Okay, but that isn't so bad, is it? After all, "lives barely worth living" are still worth living! It's not like we're talking about a world full of suicidal people...right? Well, enter the so-called Very Repugnant Conclusion: 

For any perfectly equal population with very high positive welfare, and for any number of lives with very negative welfare, there is a population consisting of the lives with negative welfare and lives with very low positive welfare which is better than the high welfare population, other things being equal.[2]

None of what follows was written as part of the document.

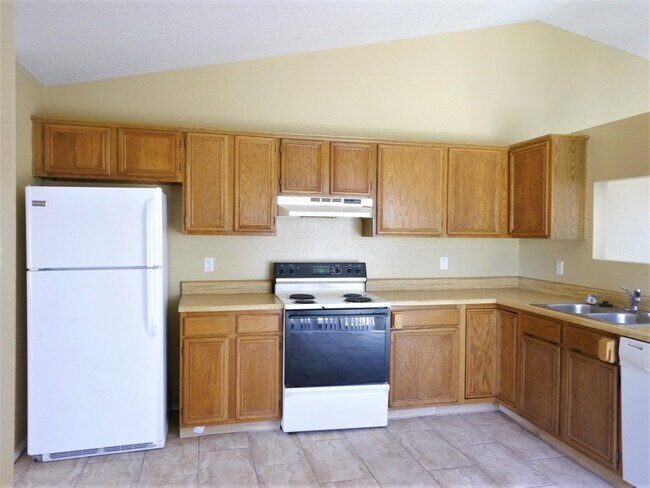Building Photo - Affordable, move in ready home!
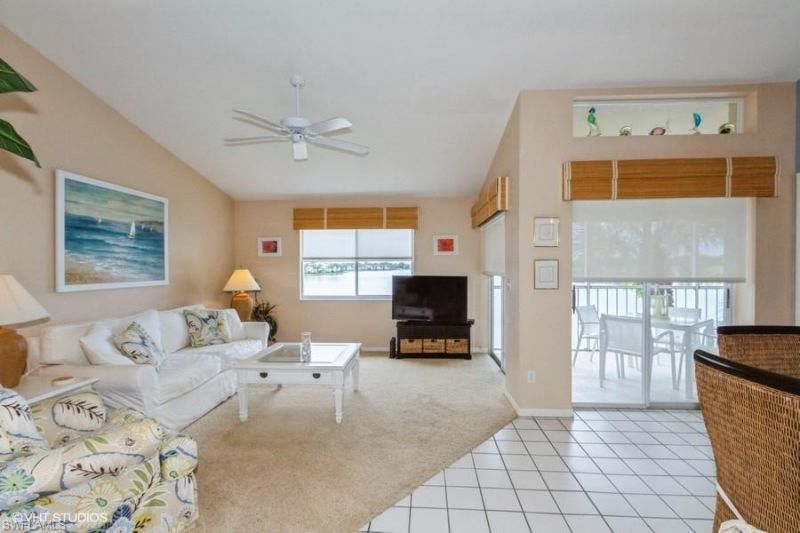 2885 Citrus Lake Dr, Unit N-305, Naples, FL 34109 Photo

In other words, the Very Repugnant Conclusion considers a semi-hellish world. This world is populated by some people suffering so badly that they'd be better off not existing,[3] while the rest of the population has the same quality of life as the people from the end of the Repugnant Conclusion (i.e. only marginally worth living). Assuming a high enough population, this semi-hellish world is somehow better than one containing only extremely happy, well-off people.

The Very Repugnant Conclusion has been shown to be provably true if one accepts a very small set of basic moral/logical axioms,[2] all of which seem intuitively, obviously true to many people. Therefore, if you want a self-consistent ethical framework, one must either "bite the bullet" on the Very Repugnant Conclusion and accept it as correct, or reject one of the axioms it rests on, all of which would seemingly have far-reaching consequences on other basic moral intuitions.[1][4]

This probably hasn't convinced you that formal ethics is a contradictory illusion, if you didn't already think so. After all, perhaps there's some clever way around the Very Repugnant Conclusion we haven't discovered yet, or perhaps you're simply willing to just bite the bullet on it and say "yeah sure, maybe my moral intuition is flawed here."[5]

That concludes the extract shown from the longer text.